“There’s nothing much to know,” Kevin said. “And it’s going to be old-home week down there next year. Evelyn and Henry are doing this too. It’s going to be Fox Run Hill all over again.”
“Molly doesn’t like Evelyn and Henry,” Joey said. “She thinks Evelyn is too fat. And she thinks Henry is a prick.”
“Does she?” Sarah said.
Kevin put the check in the chest pocket of his shirt, folded up, out of sight. “Well,” he said. “I’m glad you’re doing it. It will be good to see you and Molly down there next year. Or this year. Whenever you decide to build.”
“I still think somebody ought to check into whether or not the Willises had a vacation house,” Joey said. “You don’t want a person like that wandering around in the open, do you know what I mean? Even if it is a woman. It isn’t safe.”
“I’m really sure she isn’t after you,” Sarah said.
“The next thing you know, she’s going to try to blow up the president of the United States, and then there are going to be days and days and days of Dan Rather moaning about how we never do things right and get them settled beforehand. You just wait. And don’t forget: If she was gunning for Julianne Corbett, she didn’t get her.”
“What does that mean?” Sarah asked.
“She didn’t get her,” Joey insisted. “Corbett is still alive. Which means maybe they ought to have a guard on Corbett.”
“Maybe she was gunning for that photographer who took the awful pictures of starving people,” Sarah said, “or maybe she was gunning for that woman from the animal rights movement who got blown up. Or maybe it wasn’t Patsy Willis at all. Really, the way people go on about this, you’d think space aliens had landed on the ninth fairway at the Fox Run Hill Country Club.”

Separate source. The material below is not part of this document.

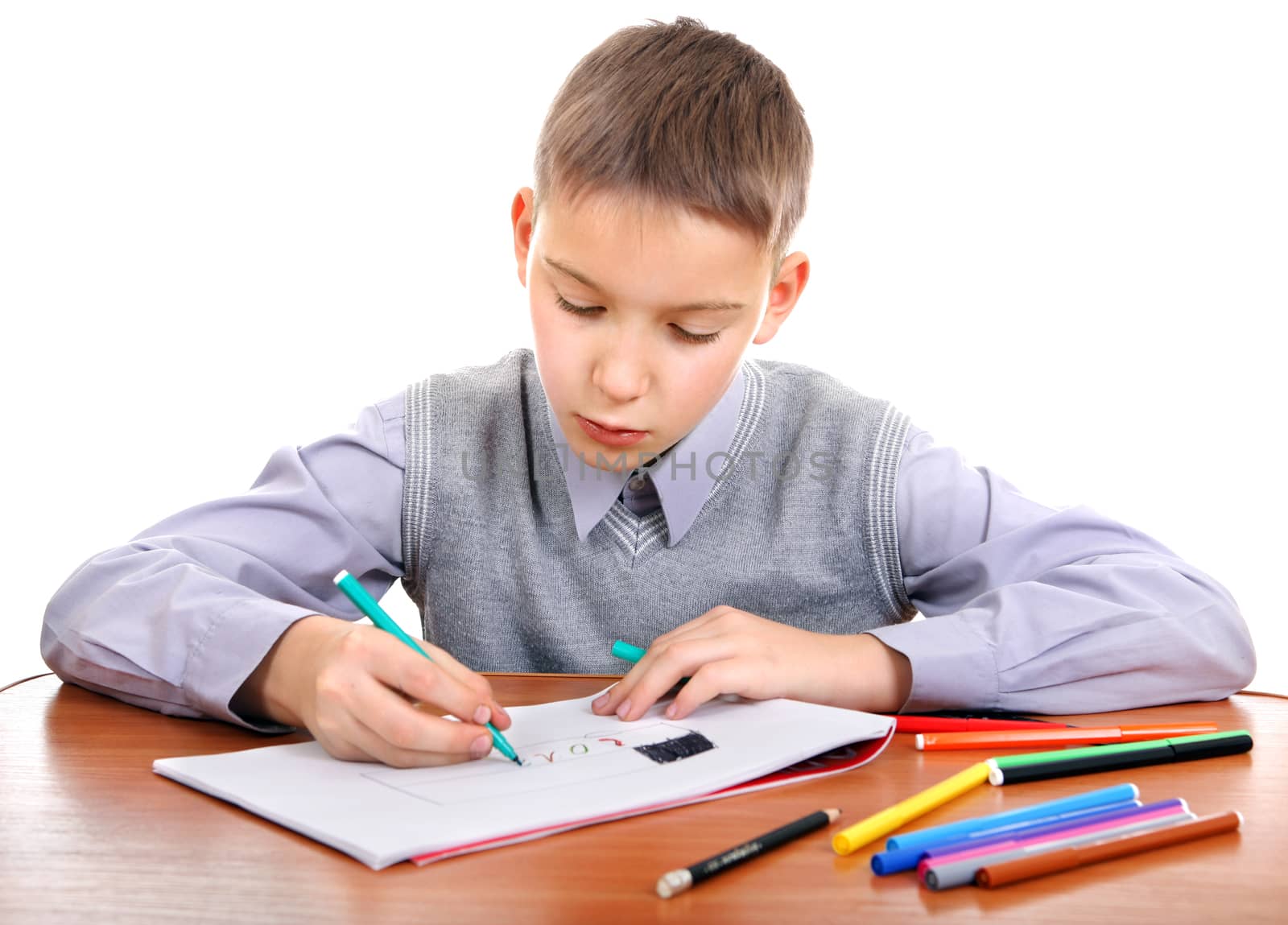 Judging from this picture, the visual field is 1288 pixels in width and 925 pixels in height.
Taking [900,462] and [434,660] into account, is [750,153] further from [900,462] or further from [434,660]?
[434,660]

Joey Bracken got out of his chair and went to stand at the sliding glass doors that led out to the patio, and that also looked around the back toward the Willises’ mock-Tudor.
“Maybe that’s what happened,” he said solemnly. “Maybe aliens landed at the country club. It sure as hell feels odd enough around here since Patsy offed Steve.”
2.
There was a newsstand in the hospital lobby with its entire top front rack covered in copies of Bride’s magazine. The picture on the cover showed a young woman with a long train swirling out from behind her to make a mountain of lace at her feet. She was holding a bouquet of flowers that was bigger than her head, and she looked scared to death. Julianne Corbett forced herself to look away from the display and smile at the nurse at the visitors’ desk. In this day and age, she probably wasn’t really a nurse, but she was dressed like one, and Julianne was too old to adapt. It didn’t matter that she intended to go to Washington to work on health care reform. In her mind, hospitals were still what they were when she was small, staffed by nurses and nothing but nurses, except for a few aides in candy-stripe pink and white. These days, even the real nurses didn’t wear caps anymore. Everybody’s uniform had been streamlined. Nobody wanted to be what they were.
The woman, nurse or otherwise, behind the visitors’ desk was leaning forward. “Here comes Dr. Alvarez,” she was saying. “Dr. Alvarez can tell you everything you want to know. I don’t know if you can bring all those—people—with you upstairs though.”
All “those people,” as the woman referred to them, were Julianne’s regular contingent when she was on any kind of official expedition. Besides Tiffany, who was indispensable at any time except during a sexual tryst, Julianne had three stenographers, a photographer, a bodyguard, and an aide. They were supposed to provide a buffer between her and the public, and they were also supposed to act as witnesses. If some nut came up and started hitting her with an umbrella, she wanted to make sure that when they all landed in court she wouldn’t be the one who was blamed. In the old days, this sort of caution would have been absurd, but nothing was absurd anymore. Nothing was unthinkable anymore either.
Dr. Alvarez was a young woman with very dark hair wrapped into a knot at the back of her neck. She had glasses with thick black frames and thin lenses. Julianne thought that she could never have been pretty, even as a child, and that now she didn’t seem to care. As she came across the carpet of the lounge, she held out her hand and said, “Congresswoman Corbett? I’m Dr. Teresa Alvarez.”
“Dr. Alvarez.” Julianne took the hand. She had always hated shaking hands, but she had learned to do it. She gave this one a sharp, hard pull and then dropped it. “I’m glad to meet you.”